Avoiding branches/if/conditionals
Why? well because misspredictable branches are very slow on modern CPUs, doing 10 or more simple arithemetic operations can be faster, but also keep in mind that:
- compilers sometimes compile conditional code to very efficient unconditional code, while they might not recognize your branchless code es equivalent
- if the branch is well predictable it will probably be faster then the branchless code
Building blocks of branchless code
Turning comparissions into masks or 0/1
a<0 | a>>31 |
a!=0 | (a|-a)>>31 |
a<b | (a-b)>>31 |
a>b | (b-a)>>31 |
a≤b | (a-b-1)>>31 |
a≥b | (b-a-1)>>31 |
Note, you might want to replace 31 by the number of bits in whatever type you use and cast to a signed type if you want a bit mask (-1/0) or unsigned type if you want (1/0)
allso keep in mind that (a<b) and such will give you (1/0) too
converting bitmasks to 0/1
well, thats trivial, there are many ways, some even flip the 0/1 in the process
mask&1, -mask, mask+1
converting 0/1 to masks
-x, x-1
flipping the 0/1 value
x^1, 1-x
flipping the mask value
x^(-1), ~x
switch between 2 variables depening upon a mask
b+((a-b)&mask), b^((a^b)&mask)
convert mask to 0/x
mask&x
convert mask to -1/x
mask|x
Note: usefull for (-1/0) -> (-1/1)
add/sub x depening upon a mask
a += x&mask
Note, dont forget a+=mask / a-=mask for x=1/-1
negate depening upon a mask
a = (a^mask) – mask
minimum of 2 variables
b+((a-b)&((a-b)>>31))
maximum of 2 variables
a-((a-b)&((a-b)>>31))
shift by s depending upon a mask
a>>= s&mask, a< <=s&mask, a += ((a>>s)-a)&mask
Note, that shifting by a constant might be faster
exchanging 2 values depending upon a mask
a^=b
b^=a&mask
a^=b
Note, the mask doesnt need to be 0/-1 it could have just some bits set
logical operations between masks
well, that really should be obvious AND a&b, OR a|b, XOR a^b, NOT ~a
I remember seeing a bunch of stuff like this in the assembly code that TuxNES generates. (Hi Mike)

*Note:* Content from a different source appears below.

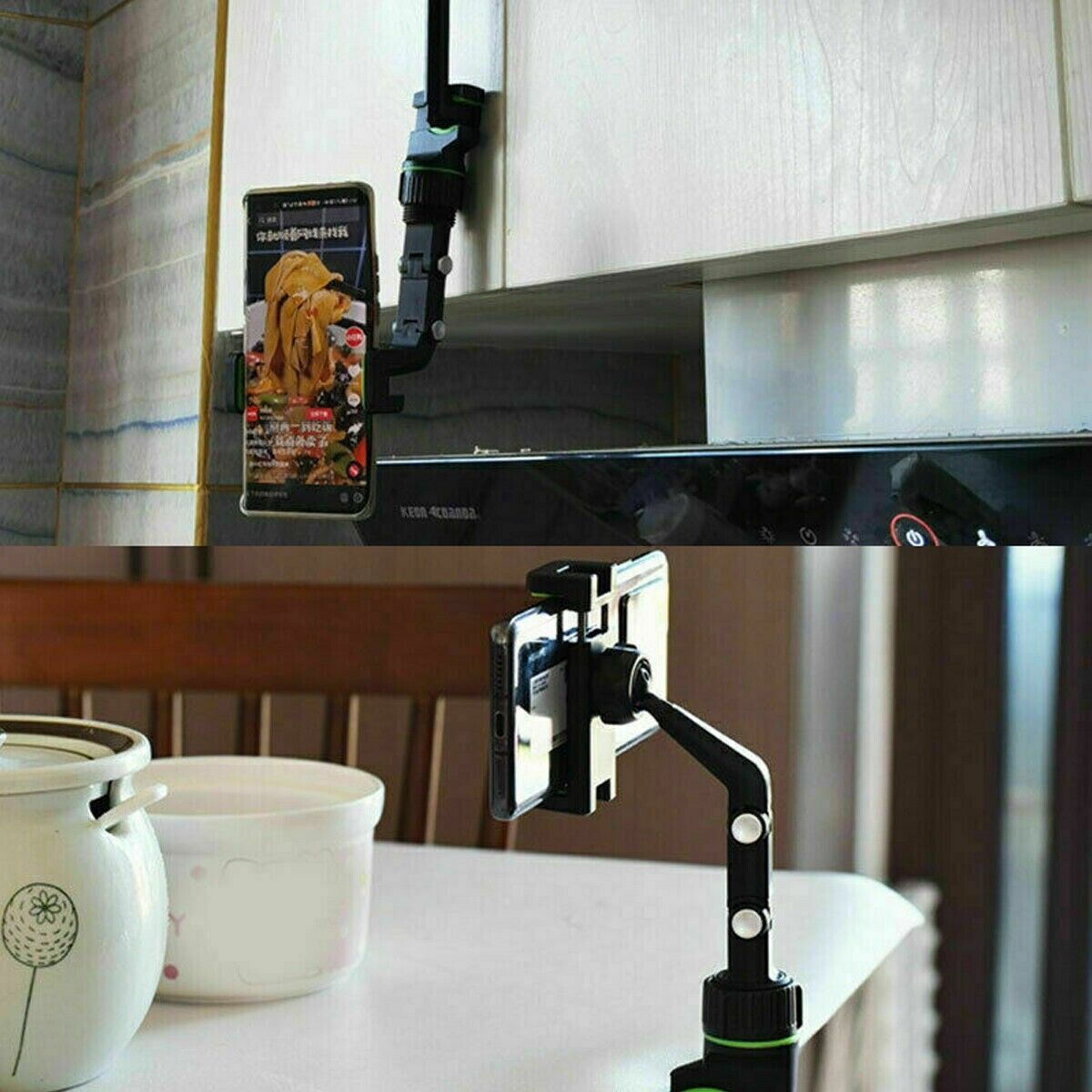 Car Rearview Mirror Rotation Adjustable Phone Holder Mount Multifunction - image 10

It also had this optimization:
For unsigned values, (x>a)&&(x
Comment by None — 2006-01-30 @ 15:28
err.. (x>a)&&(x<b) is equivalent to (x-a)<(b-a)
this time with <… :)
Comment by None — 2006-01-30 @ 15:35
yes, and for a=0 this becomes x<b
and big surprisse it works for signed values too, for example:
(x>-10)&&(x<10) == (unsigened)(x+10)<20
PS: mike (melanson) != michael (niedermayer)
Comment by Michael — 2006-01-30 @ 17:09
Yes, but most of this stuff breaks if you’re not careful about signedness and range. For example
(0x80000000<0x7FFFFFFF)==1 but (0x80000000-0x7FFFFFFF)>>31==0 !

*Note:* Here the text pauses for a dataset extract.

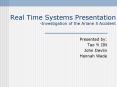Real Time Systems Presentation Investigation of the Ariane 5 Accident PowerPoint PPT Presentation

This can be a source of bugs if you’re not careful.
Note that if you compile on x86, some of these optimizations don’t make much difference. For example, the compiler should emit a<b as a setl instruction, which isn’t a conditional branch and doesn’t stall the pipeline. So you need to look at the instructions that actually get generated…
Comment by None — 2006-01-31 @ 04:27
You’re a better hacker than I, Mr. None– I just branched the Nestra source into TuxNES. I never claimed to understand how the dynamic recompiler worked! :)
Comment by Multimedia Mike — 2006-01-31 @ 08:04